Dito de outra maneira, Ghirri desconfia da forma como a fotografia se permitiu hipnotizar pelo mero impacto visual («desconcertante» e «diabólico») de certas formas de precisão fotográfica, em particular, as associadas a determinadas modas metodológicas, conduzindo a uma versão glorificada da mesma «anestesia do olhar». Escusado será dizer que, de finais dos anos 1980 para cá, muito se alterou a esse título. O advento da era digital (cujas práticas e aparato não deixam de se aproximar da exortação de Ghirri, mesmo nos círculos artísticos) não trouxe senão modas metodológicas, nenhuma delas menos desconcertante e diabólica que as anteriores. Todavia, o ponto dele mantém-se. Para ver, apenas precisamos de olhos; para ver da maneira mais forte, precisamos de usar a cabeça. A escolha do processo é uma questão importante mas ancilar, a respeito da qual não existem regras gerais. Acima de tudo, nenhum fotógrafo se deve permitir enfeitiçar pelos meios (não esquecer que os «resultados» são os meios) — e não deve jamais confundi-los com fins. Tal seria o primeiro passo para o «caminho da cegueira».
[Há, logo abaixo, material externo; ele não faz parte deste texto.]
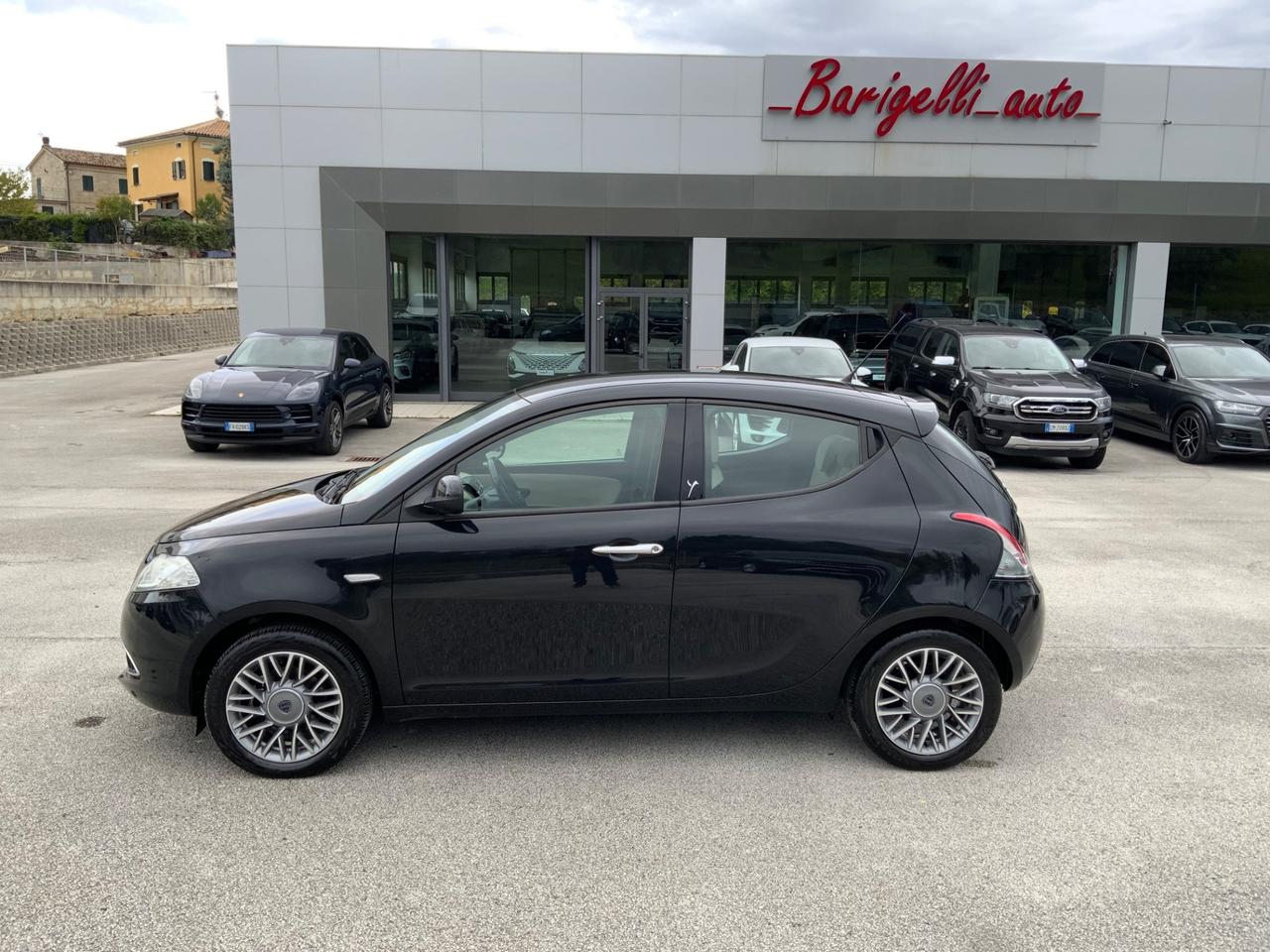 Lancia Ypsilon 1.3 MJT 16V 95 CV 5 porte S&S Gold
(Poderíamos, é claro, debater se Luigi Ghirri está certo a respeito das razões pelas quais alguns daqueles fotógrafos adoptaram — e continuam a adoptar — o grande formato; no entanto, essa é uma outra questão na qual não adianta entrar neste contexto.)
A busca do equilíbrio
Ao longo dos ensaios, Ghirri vai testando diversas maneiras de descrever os fins da fotografia, como a entende. Nem sempre à passagem dos anos corresponde forçosamente um apuramento conceptual. Muitas das suas formulações frequentes adoptam metáforas cuja utilidade não consigo vislumbrar (e.g. a necessidade nunca mitigada de «novos alfabetos visuais», «novas gramáticas», «novos vocabulários», «novos modos representacionais», «novos discursos»: no fim de contas, como perguntou alguém, como é que se mente nessa «linguagem»? — como é que articularíamos perguntas, intenções, negações?) Quando, a partir de excertos-fetiche de escritores e compositores favoritos (Shakespeare, Pessoa, Borges, Rilke, Bob Dylan, Miles Davis, entre muitos outros), Ghirri se distrai de um certo jargão residual, as suas opiniões, embora nem sempre boas leituras de Shakespeare, Pessoa, Borges, etc., revelam ganhos de complexidade e clareza.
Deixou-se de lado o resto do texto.